> Data supplied
=== Section Start ===

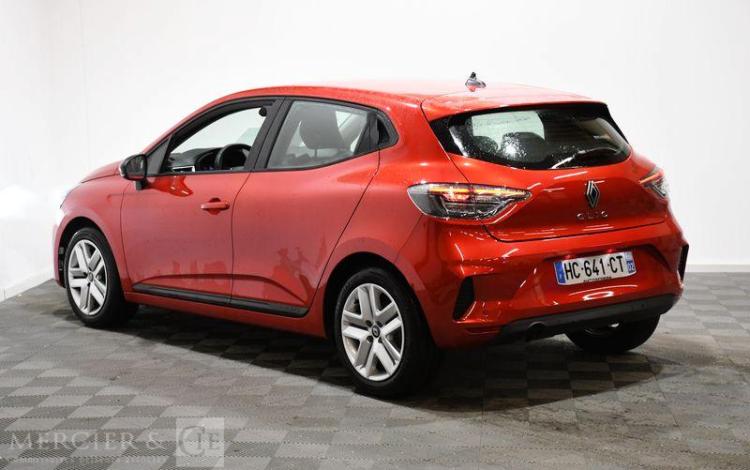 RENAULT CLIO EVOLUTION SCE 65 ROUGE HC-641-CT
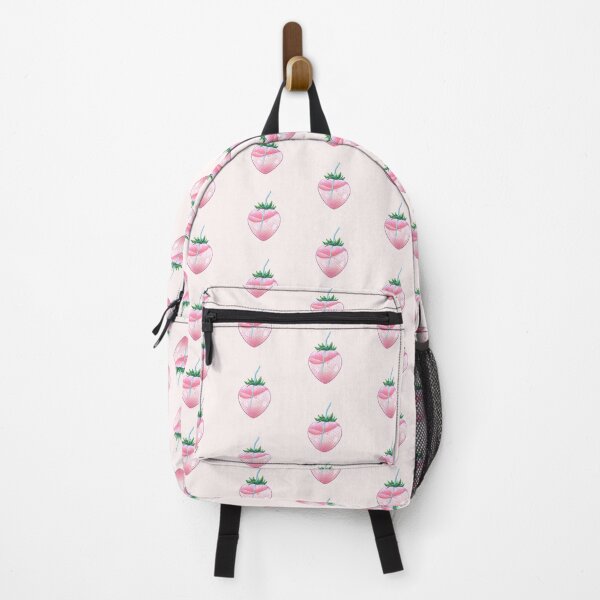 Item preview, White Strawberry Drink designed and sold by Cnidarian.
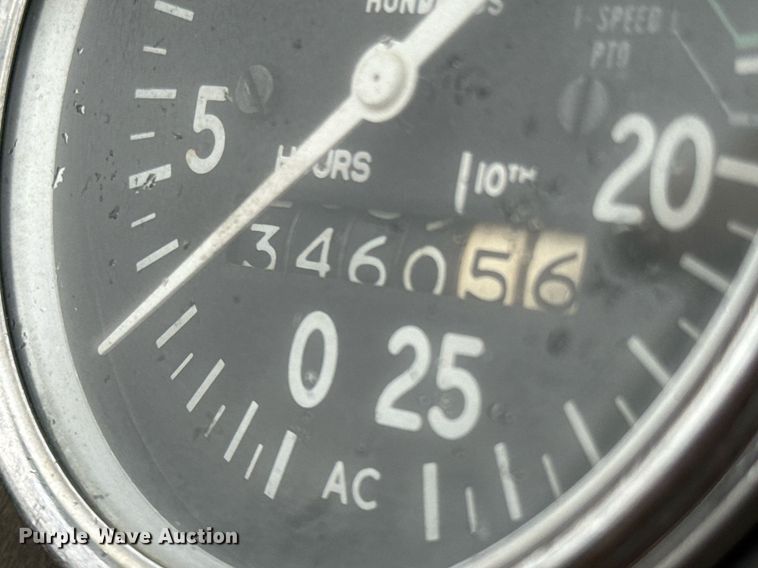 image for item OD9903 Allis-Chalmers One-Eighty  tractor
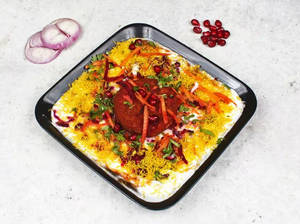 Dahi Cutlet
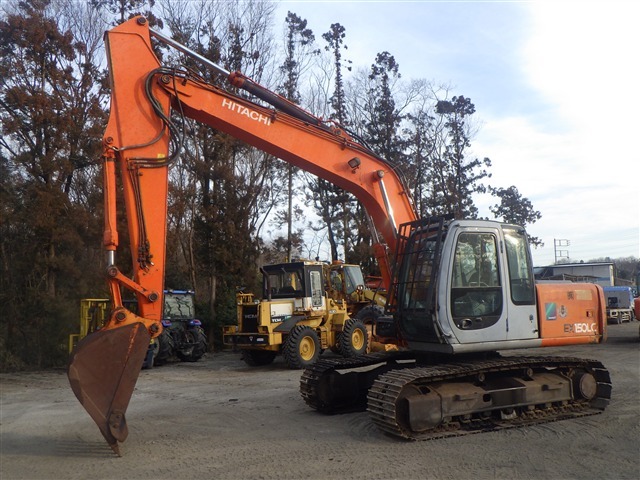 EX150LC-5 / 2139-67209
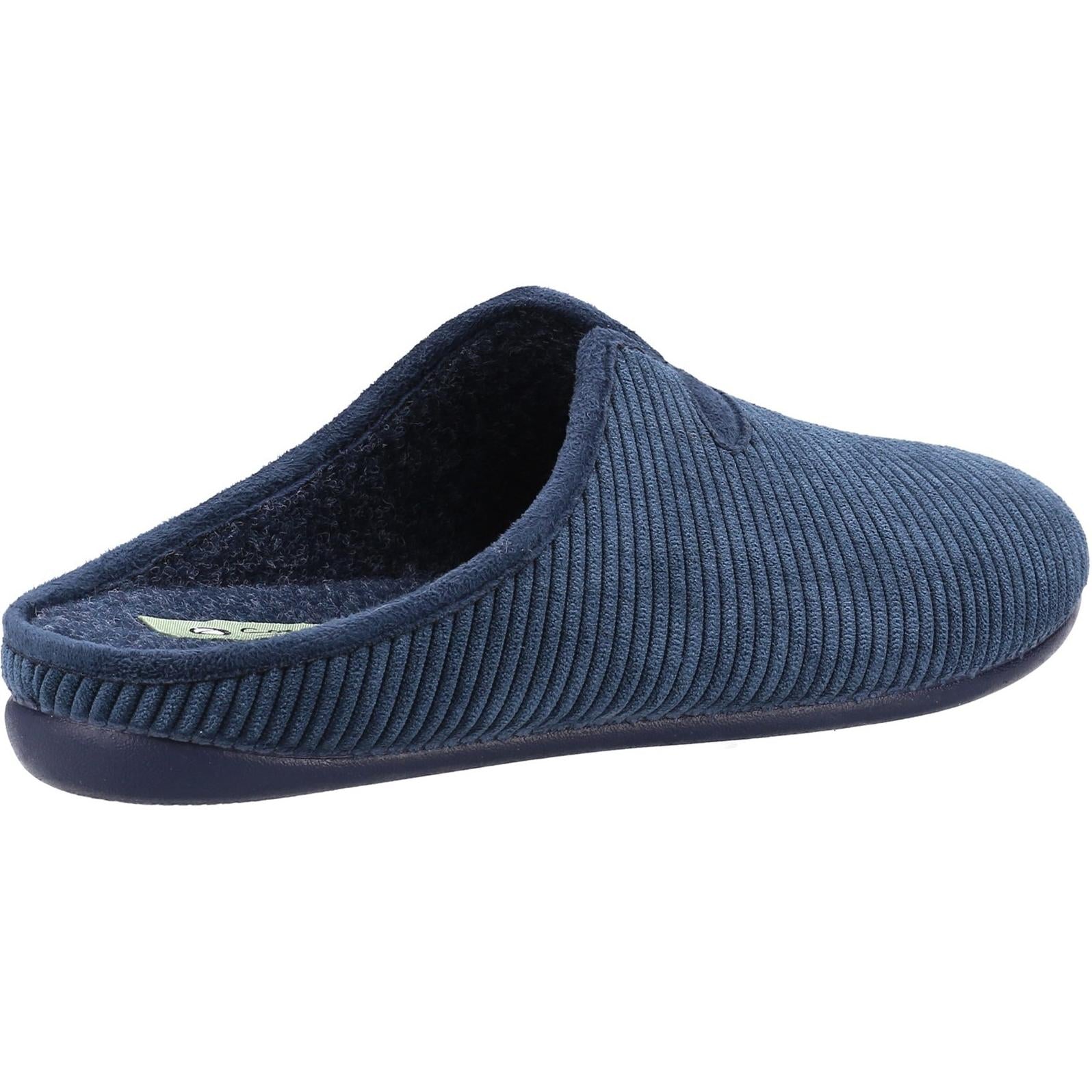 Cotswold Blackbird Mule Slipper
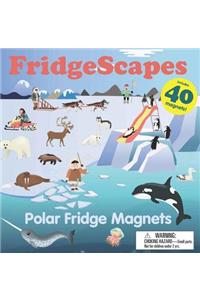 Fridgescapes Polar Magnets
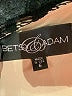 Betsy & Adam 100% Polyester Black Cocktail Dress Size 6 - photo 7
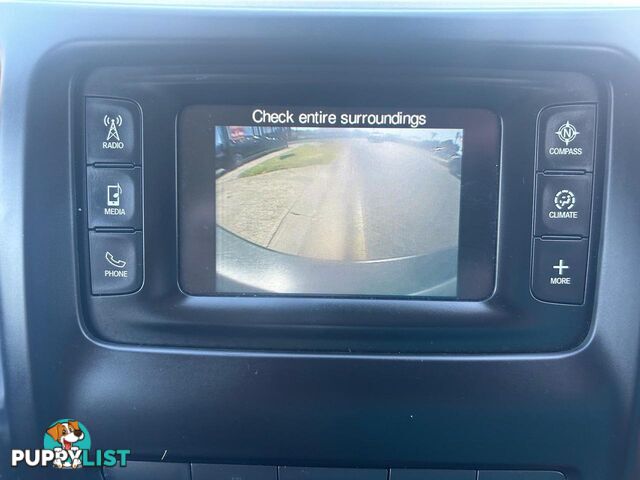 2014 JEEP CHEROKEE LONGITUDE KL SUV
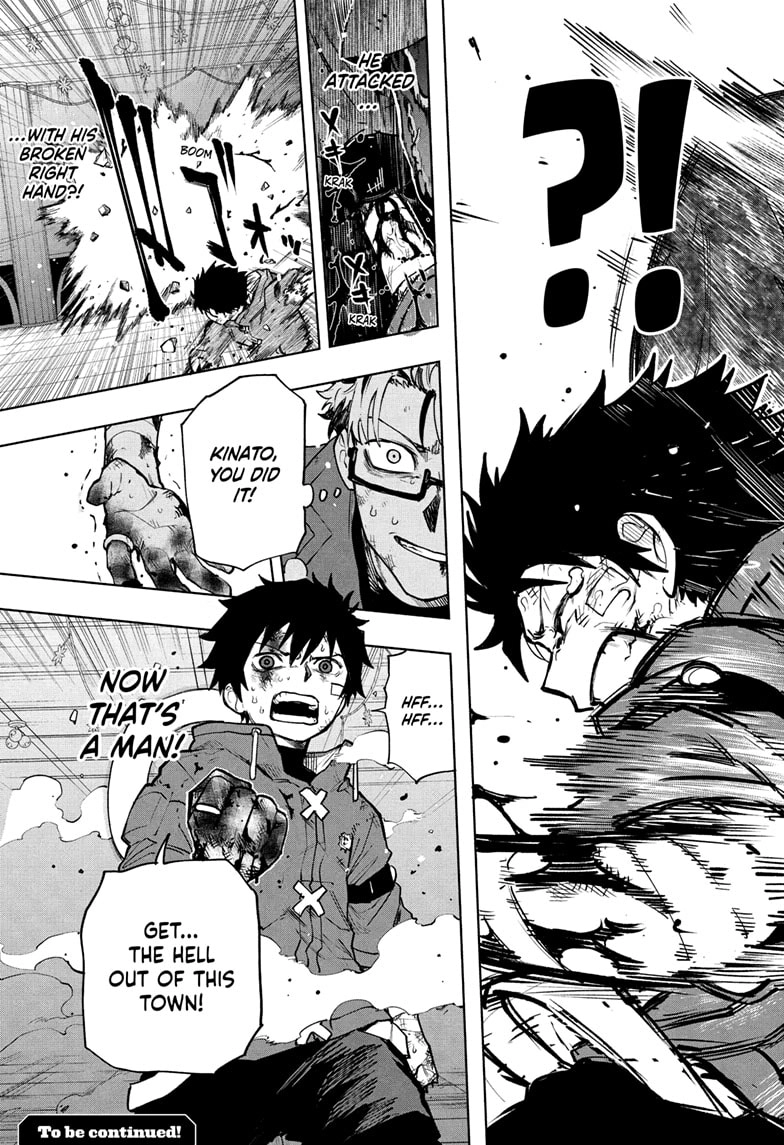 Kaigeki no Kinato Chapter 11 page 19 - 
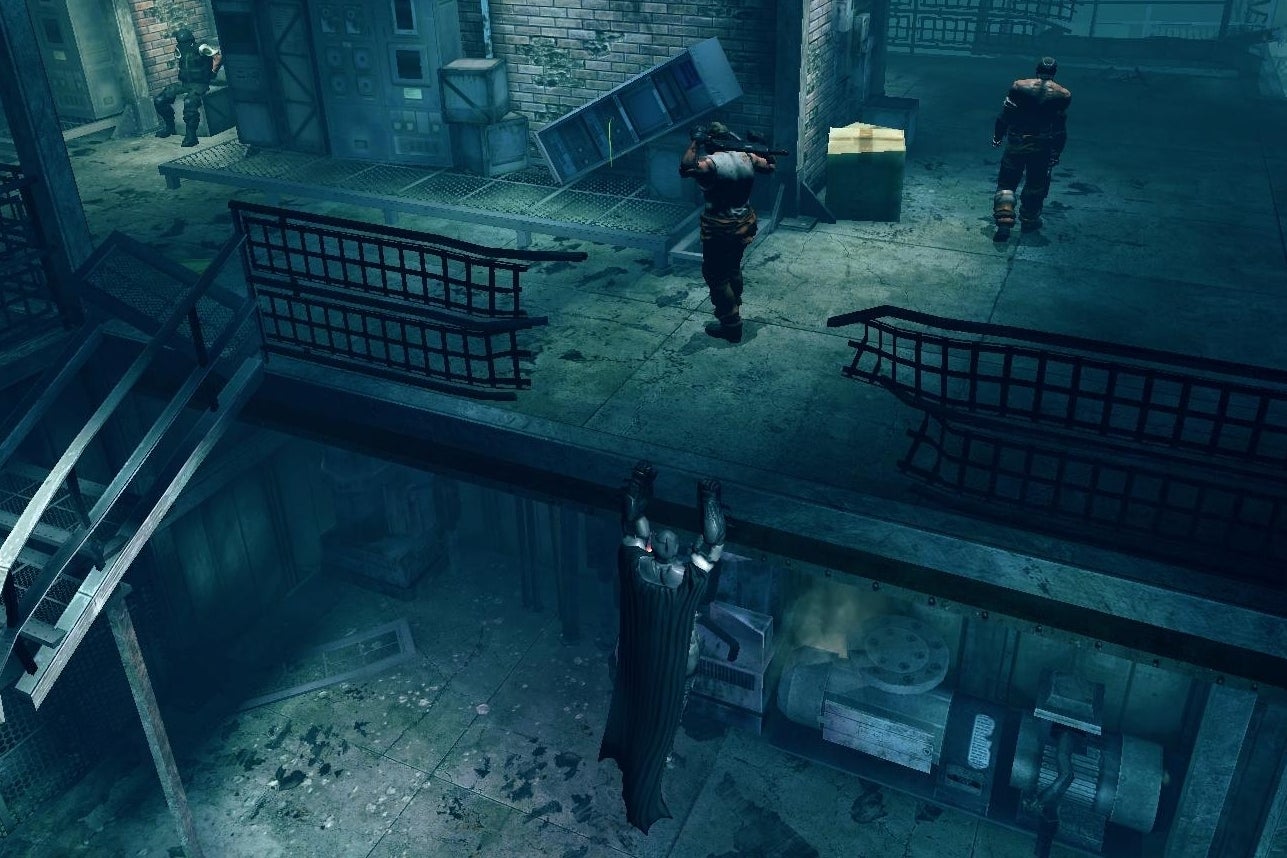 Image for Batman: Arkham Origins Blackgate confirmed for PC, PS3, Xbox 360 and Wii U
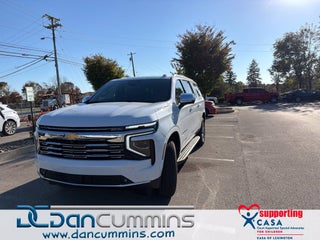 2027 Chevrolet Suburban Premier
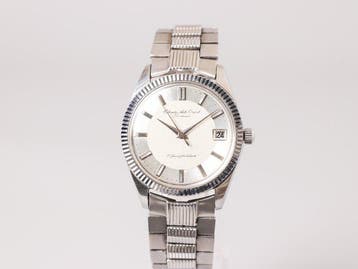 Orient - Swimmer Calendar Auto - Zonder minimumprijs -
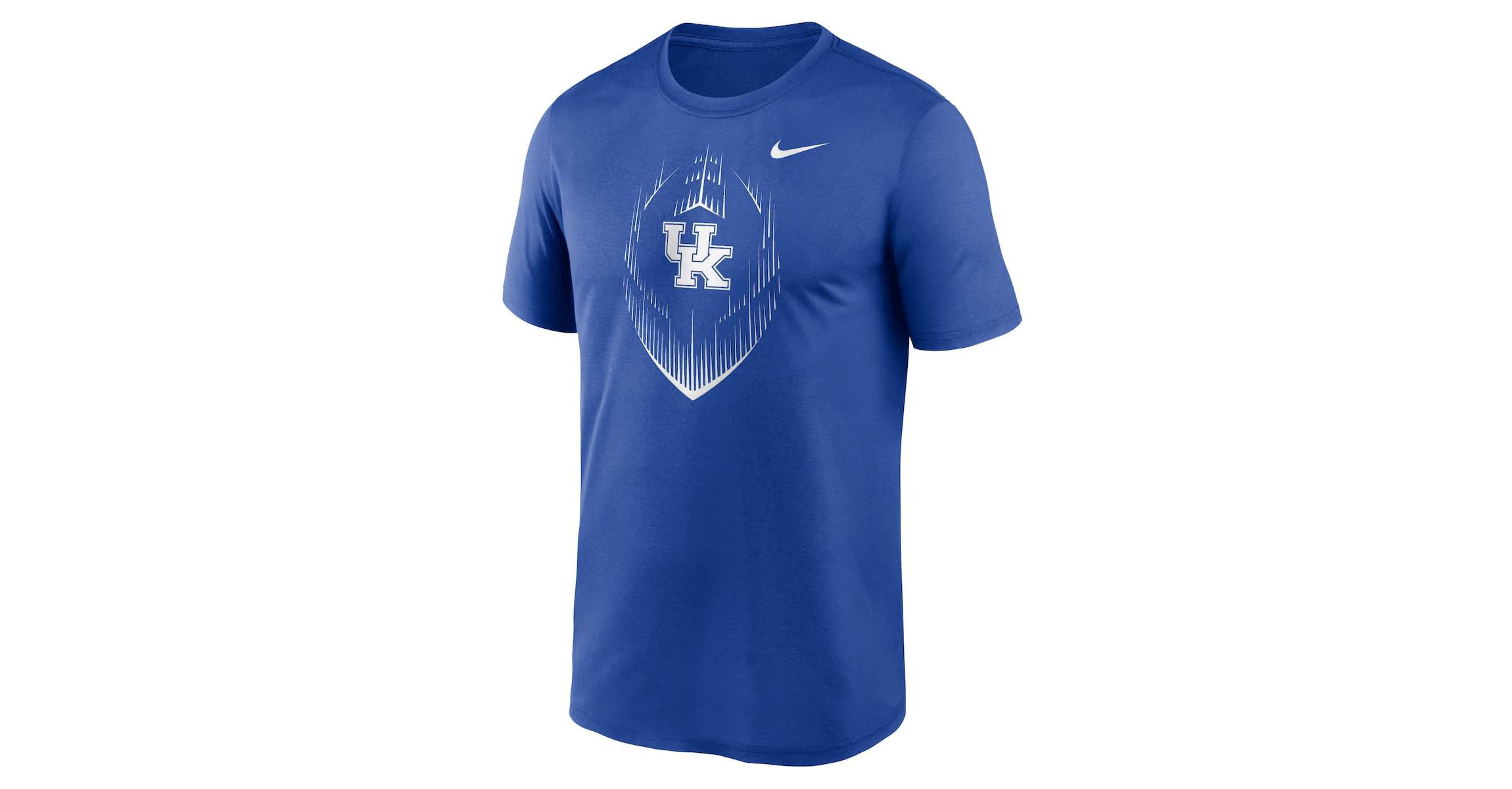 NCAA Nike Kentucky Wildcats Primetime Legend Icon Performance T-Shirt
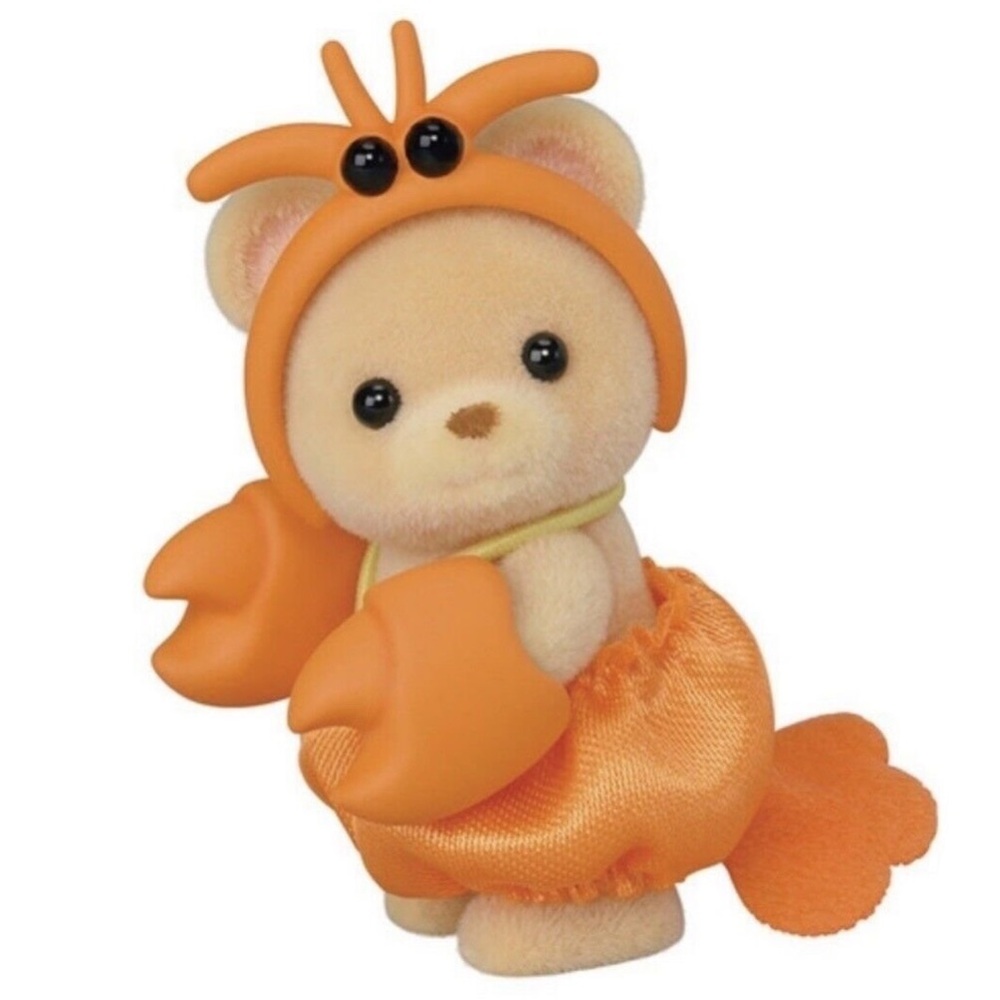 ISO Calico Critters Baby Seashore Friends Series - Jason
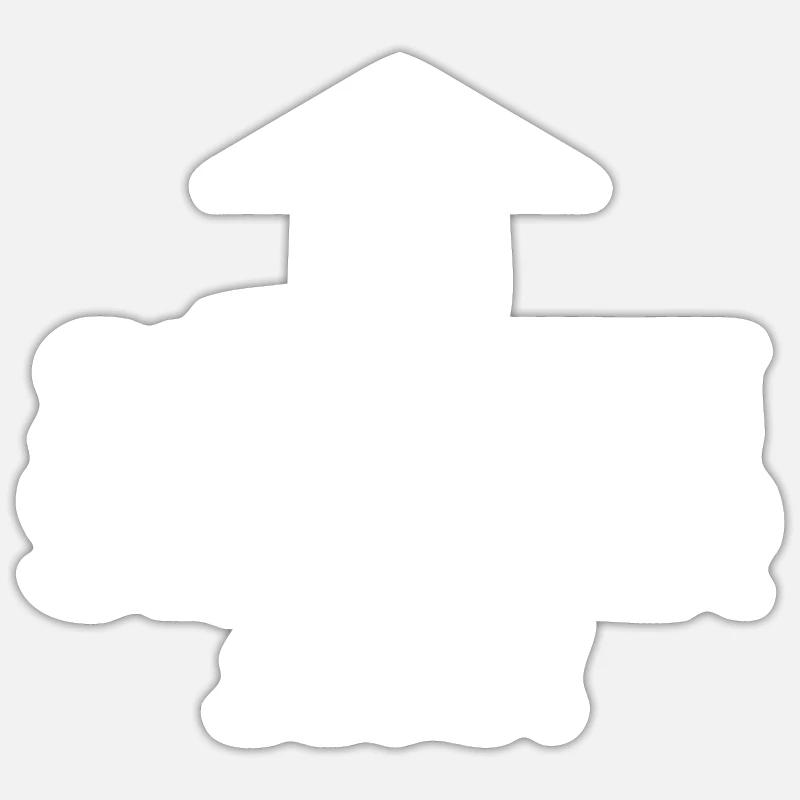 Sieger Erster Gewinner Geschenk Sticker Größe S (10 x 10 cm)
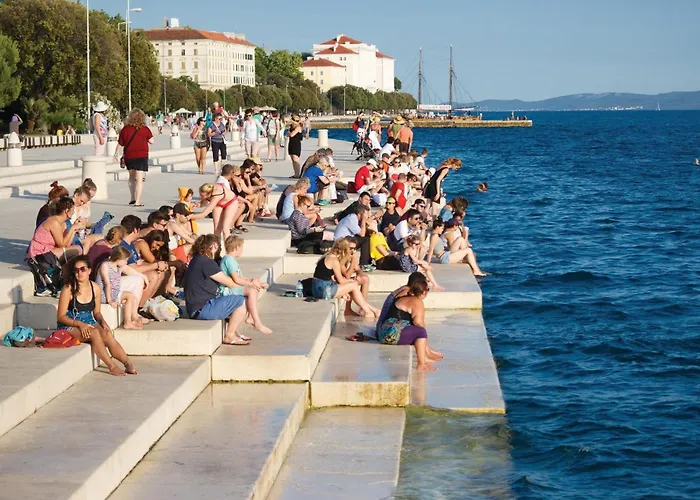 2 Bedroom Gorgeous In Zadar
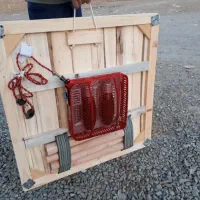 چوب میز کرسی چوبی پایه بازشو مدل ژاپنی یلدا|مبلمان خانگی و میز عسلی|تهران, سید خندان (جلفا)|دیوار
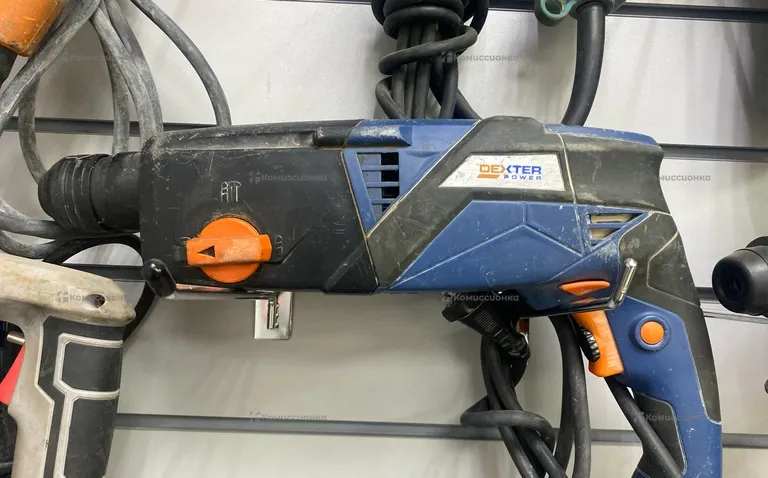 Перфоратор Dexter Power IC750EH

=== Section End ===

> What you need to do
What you should return is the exact text of every line from the top of the entries through the line with "Betsy & Adam", pictures removed.

> Expected answer
 RENAULT CLIO EVOLUTION SCE 65 ROUGE HC-641-CT
 Item preview, White Strawberry Drink designed and sold by Cnidarian.
 image for item OD9903 Allis-Chalmers One-Eighty  tractor
 Dahi Cutlet
 EX150LC-5 / 2139-67209
 Cotswold Blackbird Mule Slipper
 Fridgescapes Polar Magnets
 Betsy & Adam 100% Polyester Black Cocktail Dress Size 6 - photo 7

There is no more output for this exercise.